▸ **Data for this exercise**:
────────
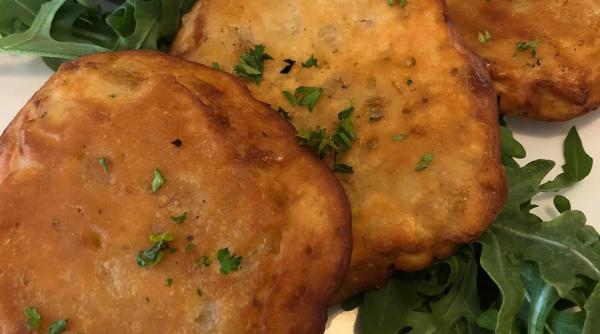 chiftelute indiene cu ceapa reteta de onion bhaji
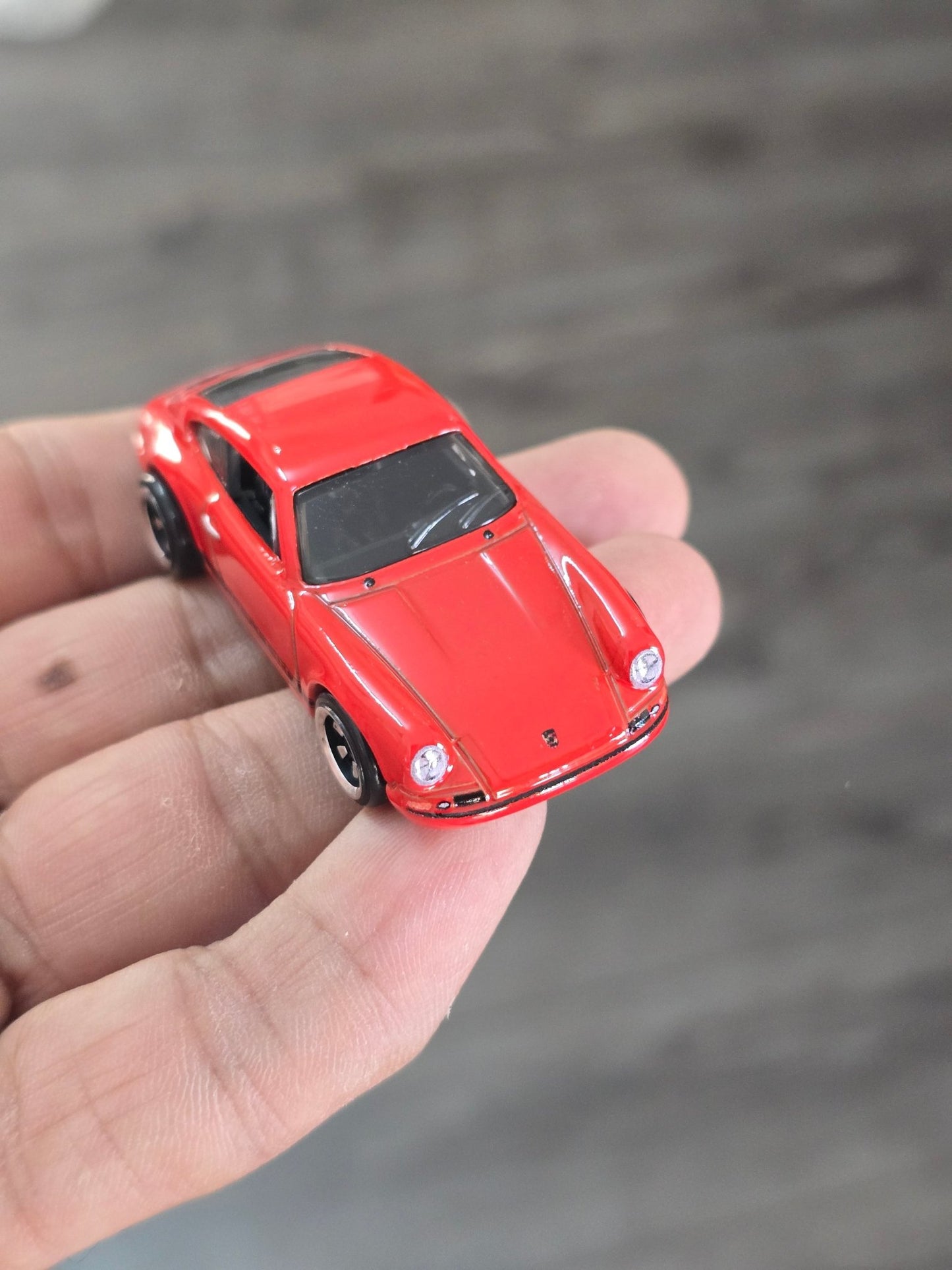 Hot Wheels 1967 Porsche 911 R - Red (Uncarded) - Kinder Logs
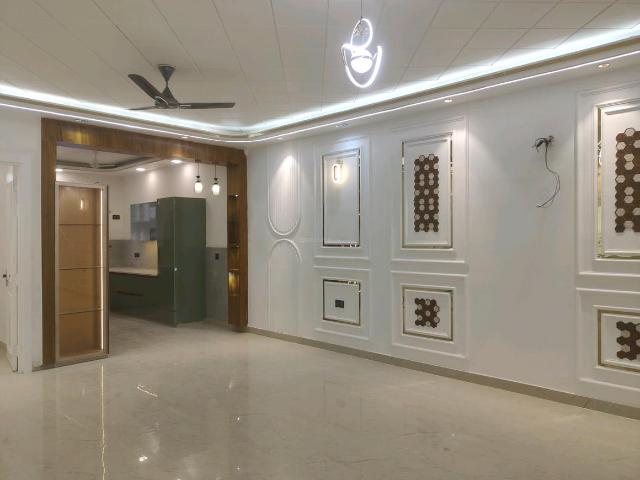 4 BHK Independent Builder Floor in Green Field Colony for resale Faridabad. The reference number is 20247655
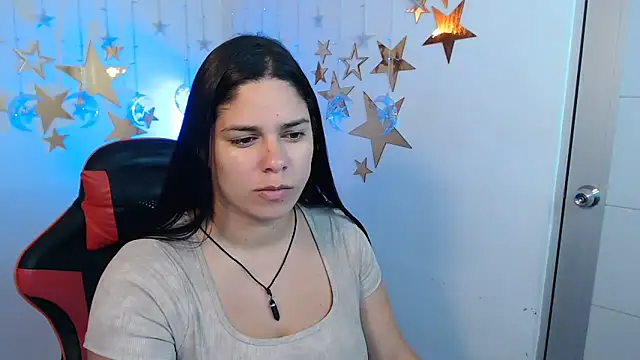 Snapshot of lucia_ht chatting on 10.03.25 lucia ht online show from 10.03.25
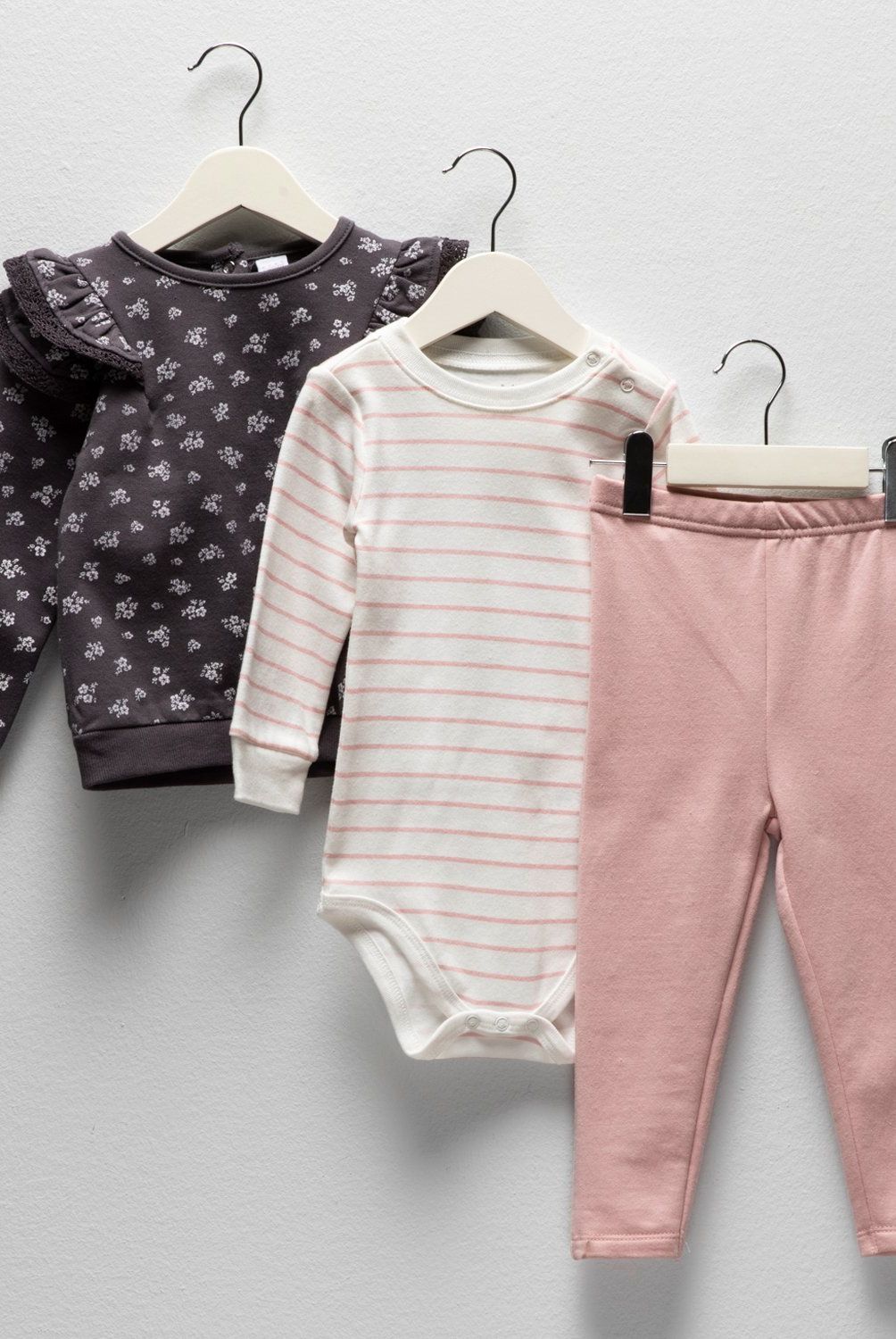 YAMP - Conjunto Yamp Casual 3 Piezas Flores Bebé Niña Polialgodón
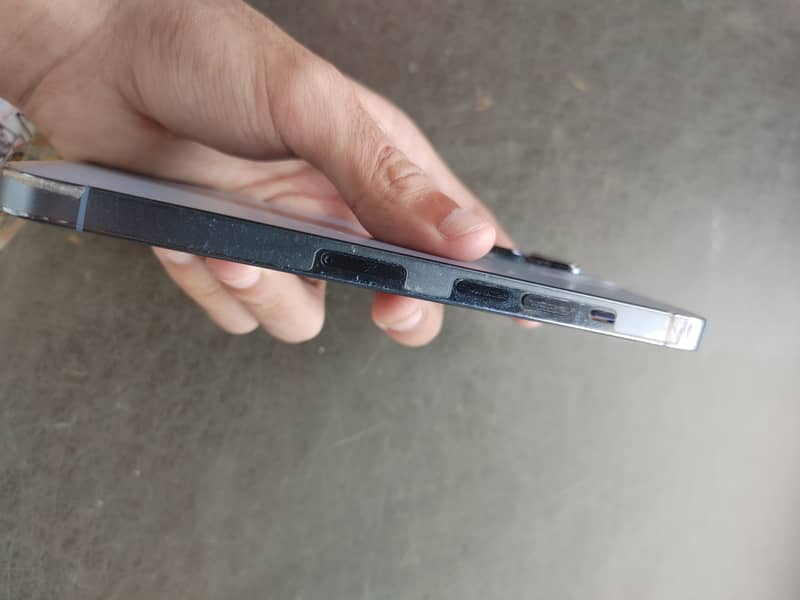 Apple iPhone 13 Pro 4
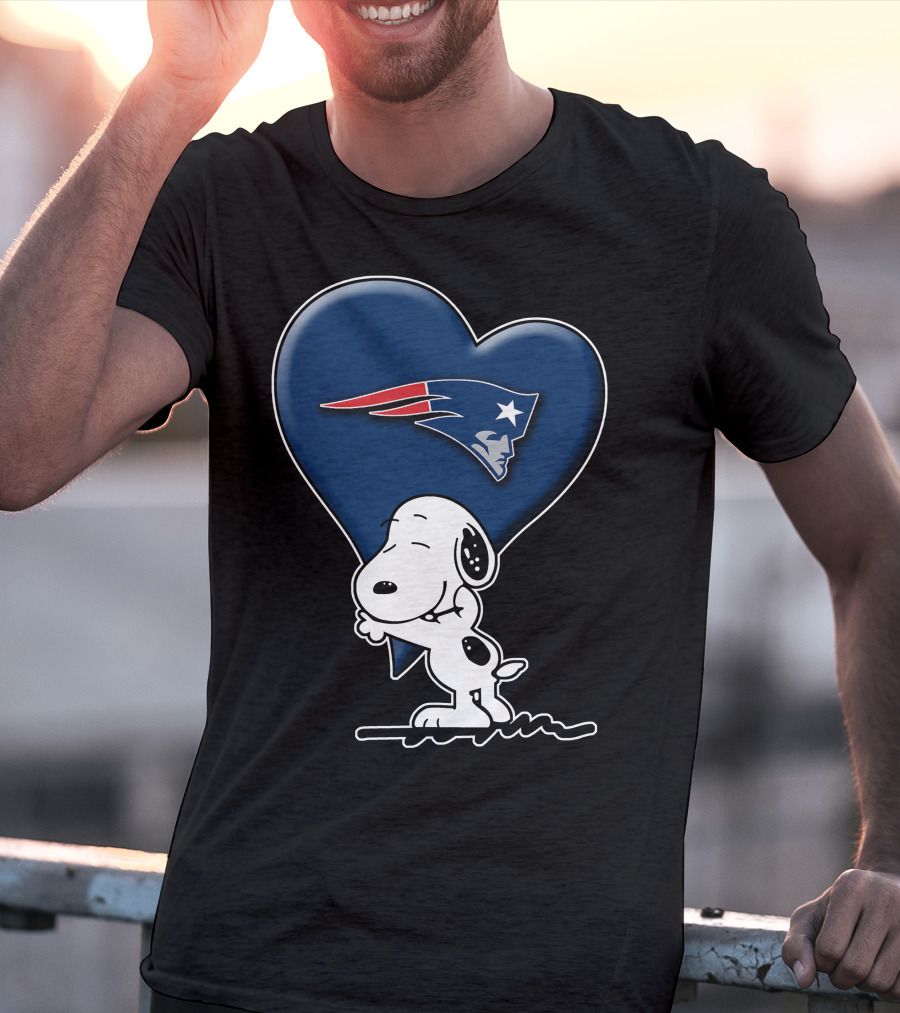 Snoopy Heart Hugging New England Patriots T-Shirt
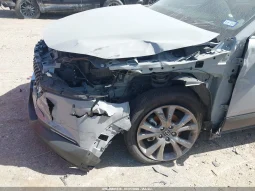 
										Mazda CX-30 full									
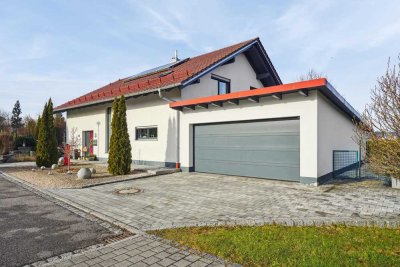 Exklusives Einfamilienhaus mit Pool in ruhiger Ortsrandlage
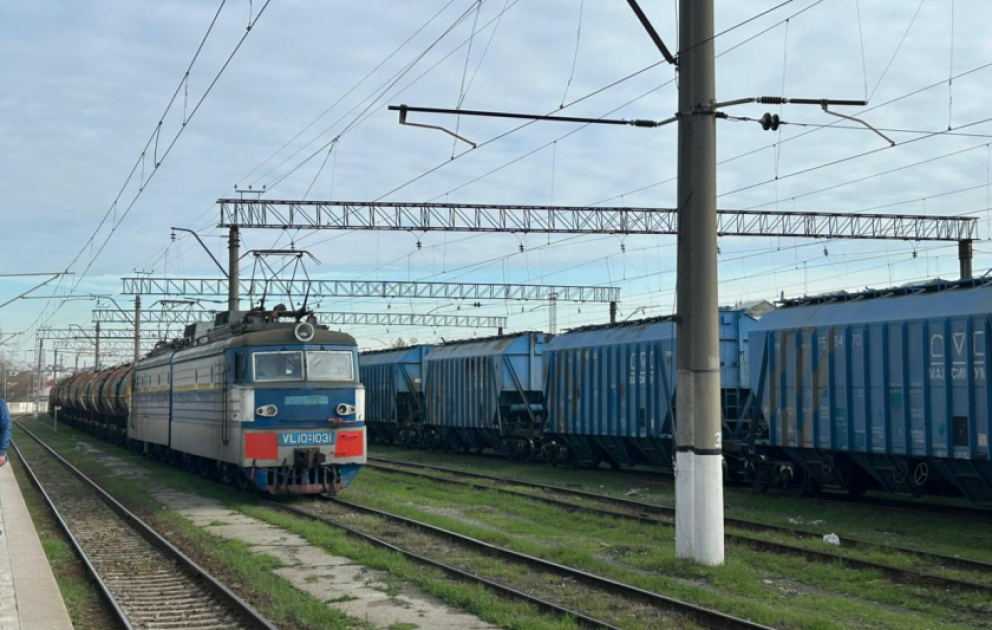 Azerbaijan launches first batch of oil products to Armenia VIDEO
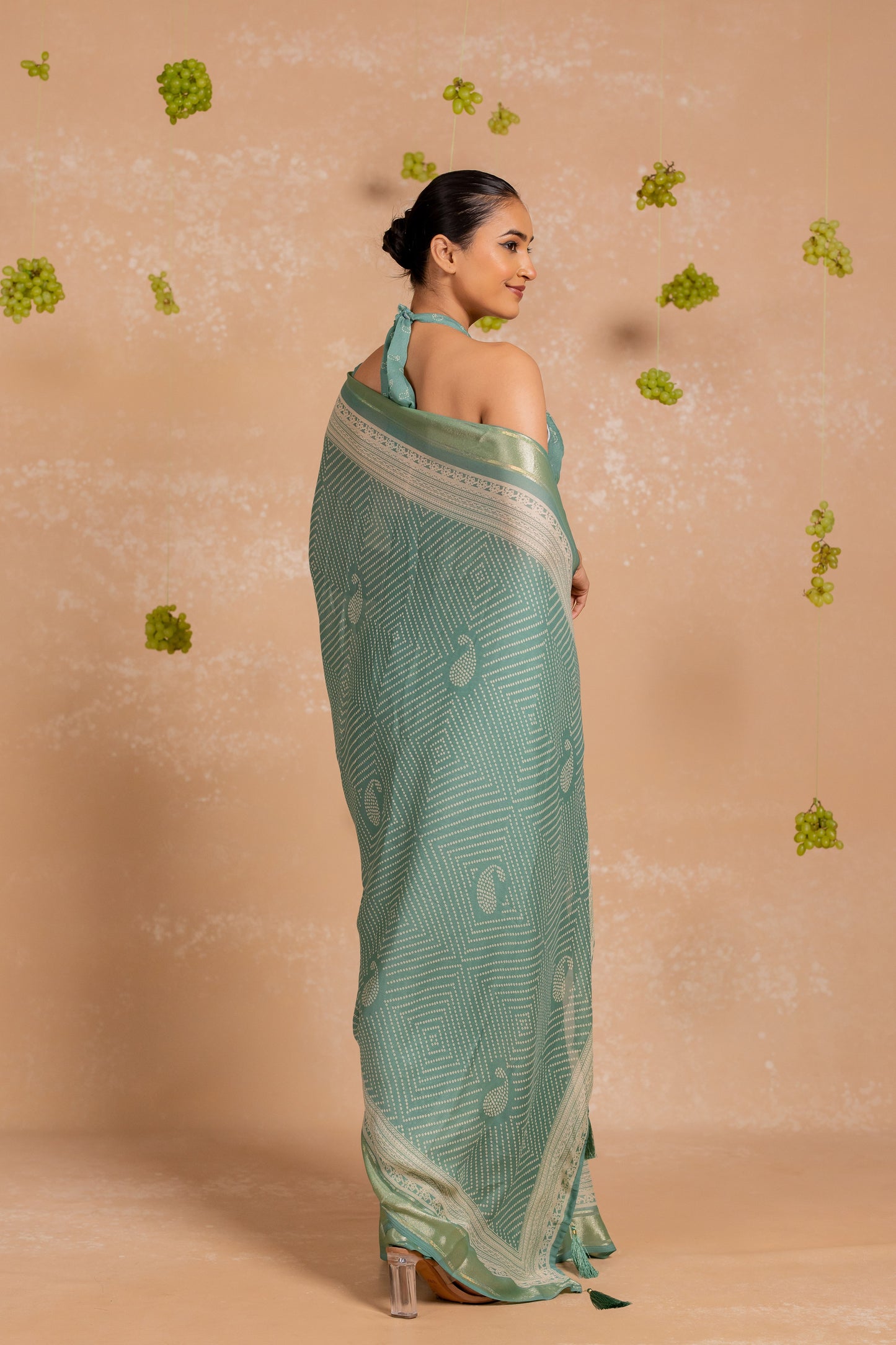 Women's Chiffon Badhani & Paisely Printed Saree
────────
▸ **Your task**: Leave every picture out and write out, word for word, the lines from the one that contains "Snapshot of lucia_ht" through the last line of the records.

▸ **Exercise response**:
 Snapshot of lucia_ht chatting on 10.03.25 lucia ht online show from 10.03.25
 YAMP - Conjunto Yamp Casual 3 Piezas Flores Bebé Niña Polialgodón
 Apple iPhone 13 Pro 4
 Snoopy Heart Hugging New England Patriots T-Shirt
										Mazda CX-30 full									
 Exklusives Einfamilienhaus mit Pool in ruhiger Ortsrandlage
 Azerbaijan launches first batch of oil products to Armenia VIDEO
 Women's Chiffon Badhani & Paisely Printed Saree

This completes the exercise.